TensorFlow version in retrain.py

jkfran commented 1 year ago

Hello, I am entirely new to TensorFlow, but I am trying to run the retrain script, and it looks like this file is not coded for TensorFlow 2.7.2, which is the version specified in the requirements.txt.

This is the error that I am getting:

Traceback (most recent call last):
  File "retrain.py", line 1062, in <module>
    tf.app.run(main=main, argv=[sys.argv[0]] + unparsed)
AttributeError: module 'tensorflow' has no attribute 'app'

I was able to update the script using tf_upgrade_v2 (https://www.tensorflow.org/guide/migrate/upgrade) and run it, but this is the error that I am getting after doing that:

Looking for images in 'moon'
Looking for images in 'mars'
Looking for images in 'jupiter'
Looking for images in 'spiral'
Looking for images in 'uranus'
Looking for images in 'venus'
Looking for images in 'neptune'
Looking for images in 'earth'
Looking for images in 'mercury'
Looking for images in 'saturn'
Looking for images in 'asteroids'
Looking for images in 'elliptical'
100 bottleneck files created.
200 bottleneck files created.
300 bottleneck files created.
400 bottleneck files created.
500 bottleneck files created.
600 bottleneck files created.
700 bottleneck files created.
800 bottleneck files created.
900 bottleneck files created.
Traceback (most recent call last):
  File "retrain.py", line 1062, in <module>
    tf.compat.v1.app.run(main=main, argv=[sys.argv[0]] + unparsed)
  File "/usr/local/lib/python3.8/dist-packages/tensorflow/python/platform/app.py", line 40, in run
    _run(main=main, argv=argv, flags_parser=_parse_flags_tolerate_undef)
  File "/usr/local/lib/python3.8/dist-packages/absl/app.py", line 312, in run
    _run_main(main, args)
  File "/usr/local/lib/python3.8/dist-packages/absl/app.py", line 258, in _run_main
    sys.exit(main(argv))
  File "retrain.py", line 812, in main
    final_tensor) = add_final_training_ops(len(image_lists.keys()),
  File "retrain.py", line 708, in add_final_training_ops
    bottleneck_input = tf.compat.v1.placeholder_with_default(
  File "/usr/local/lib/python3.8/dist-packages/tensorflow/python/ops/array_ops.py", line 3341, in placeholder_with_default
    return gen_array_ops.placeholder_with_default(input, shape, name)
  File "/usr/local/lib/python3.8/dist-packages/tensorflow/python/ops/gen_array_ops.py", line 7013, in placeholder_with_default
    return placeholder_with_default_eager_fallback(
  File "/usr/local/lib/python3.8/dist-packages/tensorflow/python/ops/gen_array_ops.py", line 7039, in placeholder_with_default_eager_fallback
    _result = _execute.execute(b"PlaceholderWithDefault", 1,
  File "/usr/local/lib/python3.8/dist-packages/tensorflow/python/eager/execute.py", line 72, in quick_execute
    raise e
  File "/usr/local/lib/python3.8/dist-packages/tensorflow/python/eager/execute.py", line 58, in quick_execute
    tensors = pywrap_tfe.TFE_Py_Execute(ctx._handle, device_name, op_name,
TypeError: Originated from a graph execution error.

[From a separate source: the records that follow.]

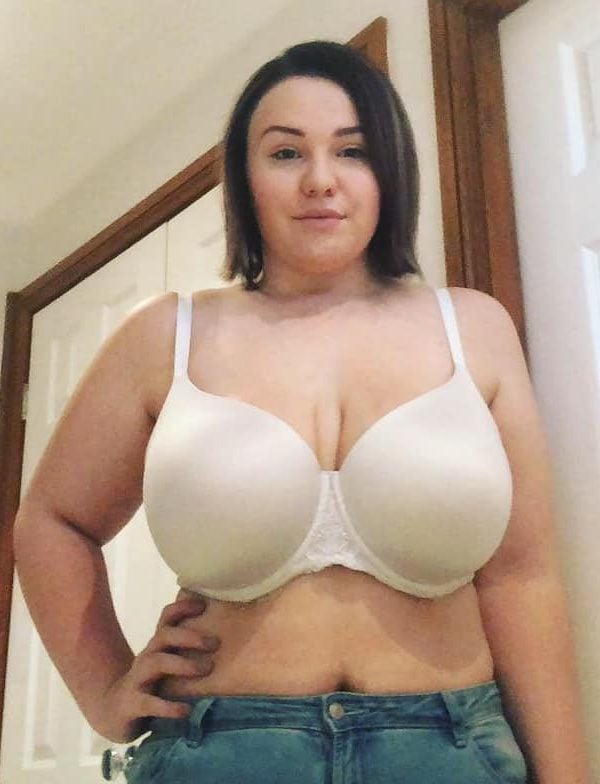 breast reduction before and after in clothes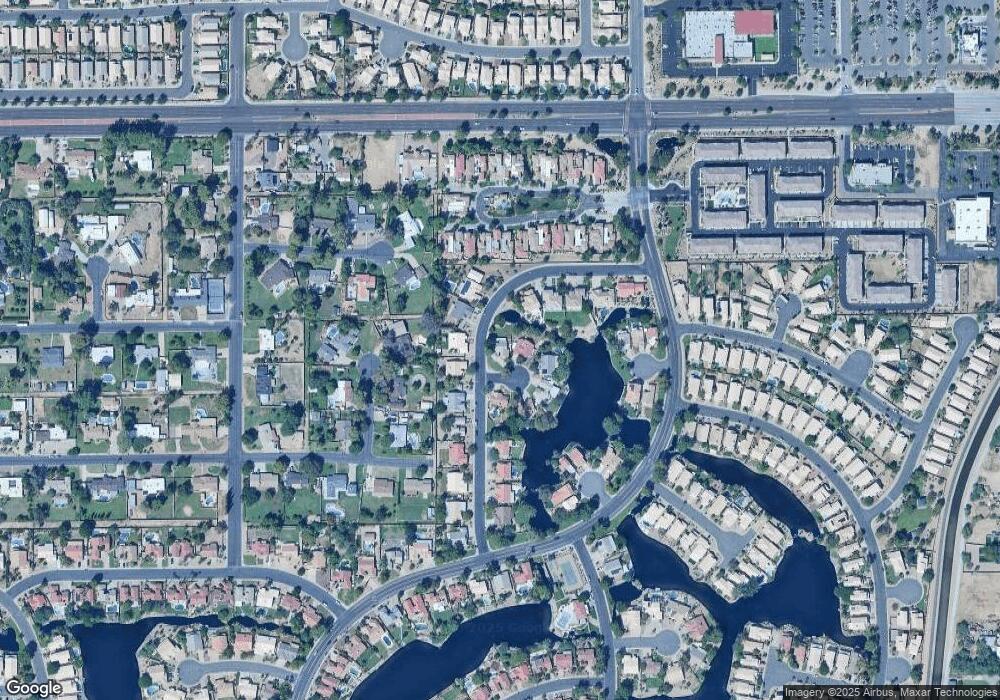 1604 E Buffalo Cir, Chandler, AZ 85225 - photo 1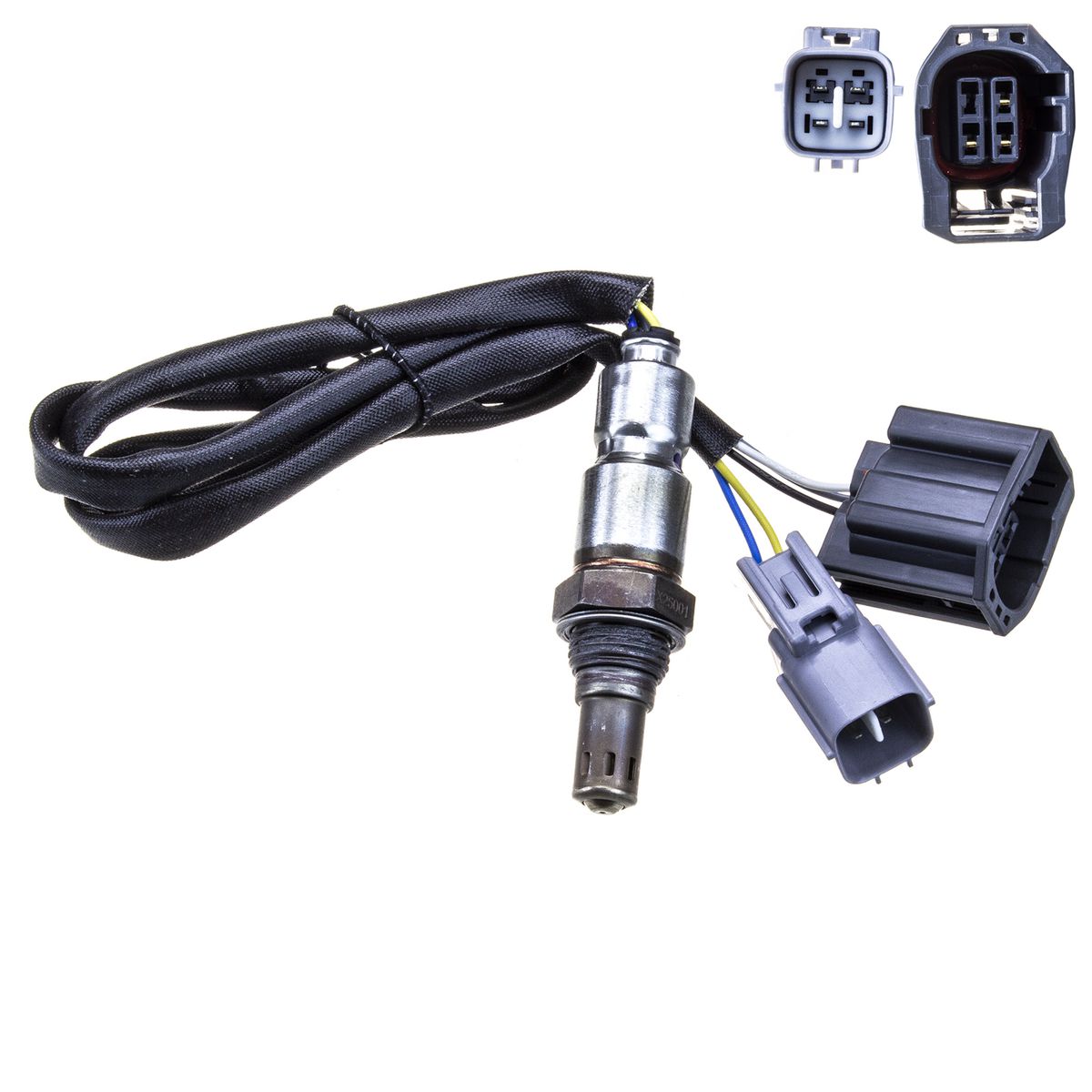 OEX Oxygen Sensor Walker Usa OOS5407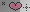 luv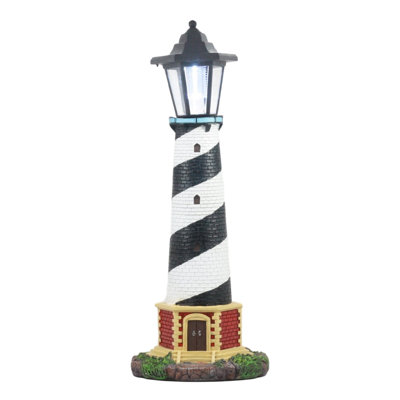 Pennie Lawn Ornament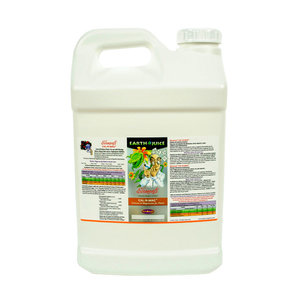 Hydro Organics / Earth Juice Earth Juice Elements Cal-n-Mag, 2.5 gal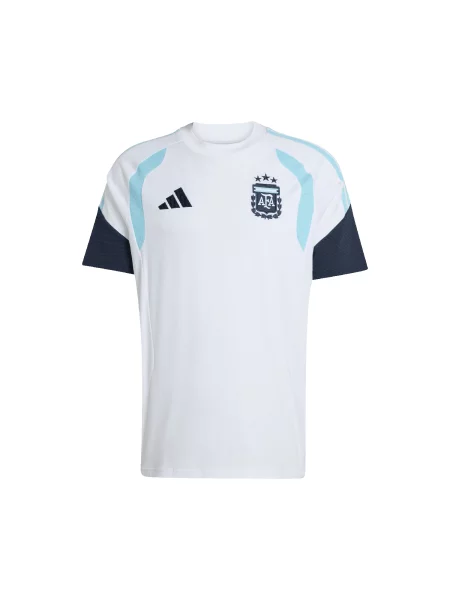 Majica Adidas Performance bela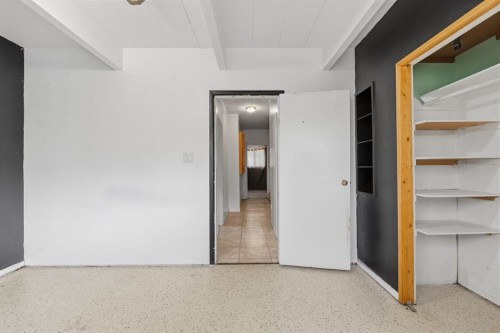 4727 Ravine Drive, Swan Hills, AB 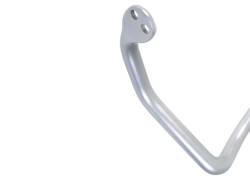 Whiteline - Whiteline BSR12XZ Rear Anti-Sway Bar 20mm x HD Blade Adjustable - Image 3
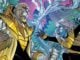 The Marvel Rundown: Revelation’s Ego Gets the Best of Him in X-MEN BOOK OF REVELATION #3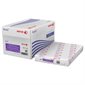 PAPIER XEROX BOLD 11X17 28LB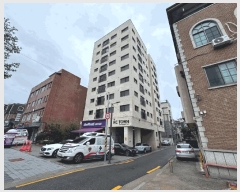  2025Ÿ��10881 ���� ������ ȭ� 372-73 ���̾�Ÿ��  ��8�� ��806ȣ   �ټ���,������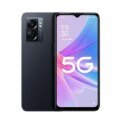 Oppo A56s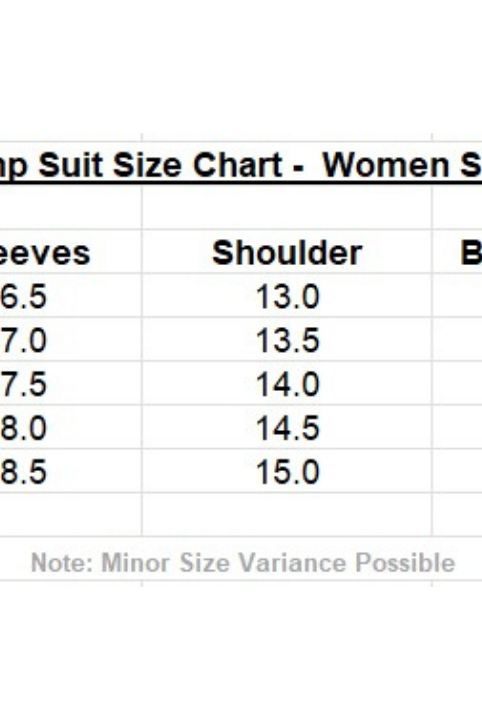 Moana White Unicorn Women's Playsuit in Cotton Nimbu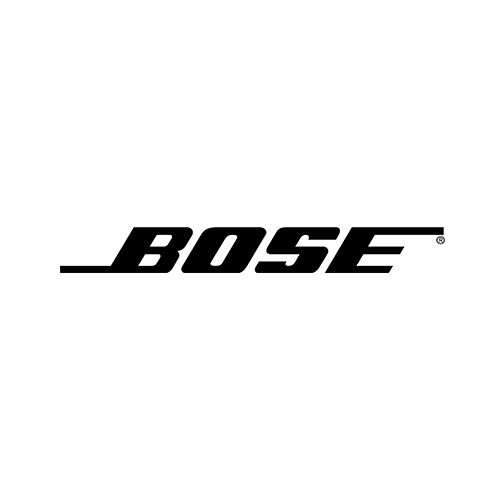 Bose kolonėlės | Visi produktai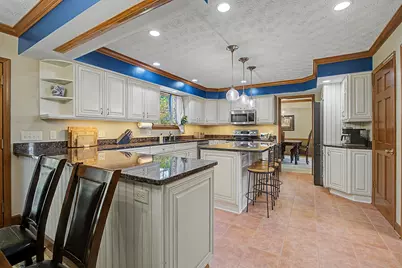 515 Stonecress Drive, Tipp City, OH 45371 - Photo 17
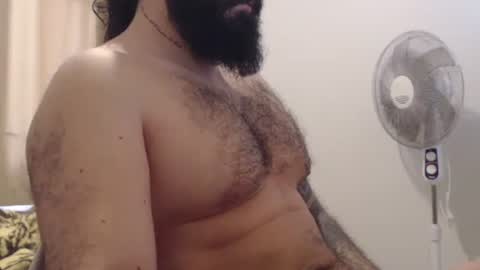 Snapshot of elis1992 chatting on 12.09.24 elis online show from 12.09.24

The graph execution error is detected at a node built at (most recent call last):
>>>  File retrain.py, line 1062, in <module>
>>>  File /usr/local/lib/python3.8/dist-packages/tensorflow/python/platform/app.py, line 40, in run
>>>  File /usr/local/lib/python3.8/dist-packages/absl/app.py, line 312, in run
>>>  File /usr/local/lib/python3.8/dist-packages/absl/app.py, line 258, in _run_main
>>>  File retrain.py, line 779, in main
>>>  File retrain.py, line 254, in create_inception_graph
>>>  File /usr/local/lib/python3.8/dist-packages/tensorflow/python/util/deprecation.py, line 552, in new_func
>>>  File /usr/local/lib/python3.8/dist-packages/tensorflow/python/framework/importer.py, line 407, in import_graph_def
>>>  File /usr/local/lib/python3.8/dist-packages/tensorflow/python/framework/importer.py, line 520, in _import_graph_def_internal
>>>  File /usr/local/lib/python3.8/dist-packages/tensorflow/python/framework/importer.py, line 251, in _ProcessNewOps
>>>  File /usr/local/lib/python3.8/dist-packages/tensorflow/python/framework/ops.py, line 3847, in _add_new_tf_operations
>>>  File /usr/local/lib/python3.8/dist-packages/tensorflow/python/framework/ops.py, line 3848, in <listcomp>
>>>  File /usr/local/lib/python3.8/dist-packages/tensorflow/python/framework/ops.py, line 3730, in _create_op_from_tf_operation
>>>  File /usr/local/lib/python3.8/dist-packages/tensorflow/python/framework/ops.py, line 2101, in __init__

Error detected in node 'pool_3/_reshape' defined at: File "retrain.py", line 254, in create_inception_graph

TypeError: tf.Graph captured an external symbolic tensor. The symbolic tensor 'pool_3/_reshape:0' created by node 'pool_3/_reshape' is captured by the tf.Graph being executed as an input. But a tf.Graph is not allowed to take symbolic tensors from another graph as its inputs. Make sure all captured inputs of the executing tf.Graph are not symbolic tensors. Use return values, explicit Python locals or TensorFlow collections to access it. Please see https://www.tensorflow.org/guide/function#all_outputs_of_a_tffunction_must_be_return_values for more information.

SSahas commented 1 year ago

@jkfran
my TensorFlow version is 2.6.2, facing the very same issue, you mentioned in the beginning.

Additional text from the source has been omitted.